_Short descriptive text snippets_:
--- --- ---

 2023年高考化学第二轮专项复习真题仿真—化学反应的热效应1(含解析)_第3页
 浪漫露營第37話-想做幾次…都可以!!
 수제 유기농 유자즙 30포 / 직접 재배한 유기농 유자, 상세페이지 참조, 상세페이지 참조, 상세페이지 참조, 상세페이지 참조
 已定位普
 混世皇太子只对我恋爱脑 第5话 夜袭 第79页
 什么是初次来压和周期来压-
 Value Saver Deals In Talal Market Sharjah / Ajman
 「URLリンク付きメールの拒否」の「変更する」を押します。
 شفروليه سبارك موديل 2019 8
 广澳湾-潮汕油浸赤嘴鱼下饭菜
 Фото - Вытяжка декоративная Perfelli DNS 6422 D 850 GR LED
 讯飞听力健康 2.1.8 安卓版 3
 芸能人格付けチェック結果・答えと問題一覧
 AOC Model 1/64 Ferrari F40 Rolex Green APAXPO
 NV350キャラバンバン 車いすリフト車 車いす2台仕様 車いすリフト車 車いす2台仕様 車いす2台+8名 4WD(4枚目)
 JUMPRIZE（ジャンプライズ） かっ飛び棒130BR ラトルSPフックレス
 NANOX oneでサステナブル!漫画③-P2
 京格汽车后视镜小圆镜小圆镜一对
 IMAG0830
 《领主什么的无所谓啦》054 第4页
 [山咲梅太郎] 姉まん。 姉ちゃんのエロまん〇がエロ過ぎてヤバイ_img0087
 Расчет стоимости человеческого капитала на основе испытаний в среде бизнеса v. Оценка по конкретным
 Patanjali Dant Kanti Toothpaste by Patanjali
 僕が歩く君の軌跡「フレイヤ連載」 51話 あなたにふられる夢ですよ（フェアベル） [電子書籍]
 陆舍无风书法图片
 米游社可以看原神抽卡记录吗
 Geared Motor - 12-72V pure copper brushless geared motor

--- --- ---

_Task details_: Reprint exactly the lines above that start at the one with "شفروليه سبارك موديل 2019 8" and end at the one with "Patanjali Dant Kanti Toothpaste by Patanjali", keeping both and adding none.

_Result for this exercise_:
 شفروليه سبارك موديل 2019 8
 广澳湾-潮汕油浸赤嘴鱼下饭菜
 Фото - Вытяжка декоративная Perfelli DNS 6422 D 850 GR LED
 讯飞听力健康 2.1.8 安卓版 3
 芸能人格付けチェック結果・答えと問題一覧
 AOC Model 1/64 Ferrari F40 Rolex Green APAXPO
 NV350キャラバンバン 車いすリフト車 車いす2台仕様 車いすリフト車 車いす2台仕様 車いす2台+8名 4WD(4枚目)
 JUMPRIZE（ジャンプライズ） かっ飛び棒130BR ラトルSPフックレス
 NANOX oneでサステナブル!漫画③-P2
 京格汽车后视镜小圆镜小圆镜一对
 IMAG0830
 《领主什么的无所谓啦》054 第4页
 [山咲梅太郎] 姉まん。 姉ちゃんのエロまん〇がエロ過ぎてヤバイ_img0087
 Расчет стоимости человеческого капитала на основе испытаний в среде бизнеса v. Оценка по конкретным
 Patanjali Dant Kanti Toothpaste by Patanjali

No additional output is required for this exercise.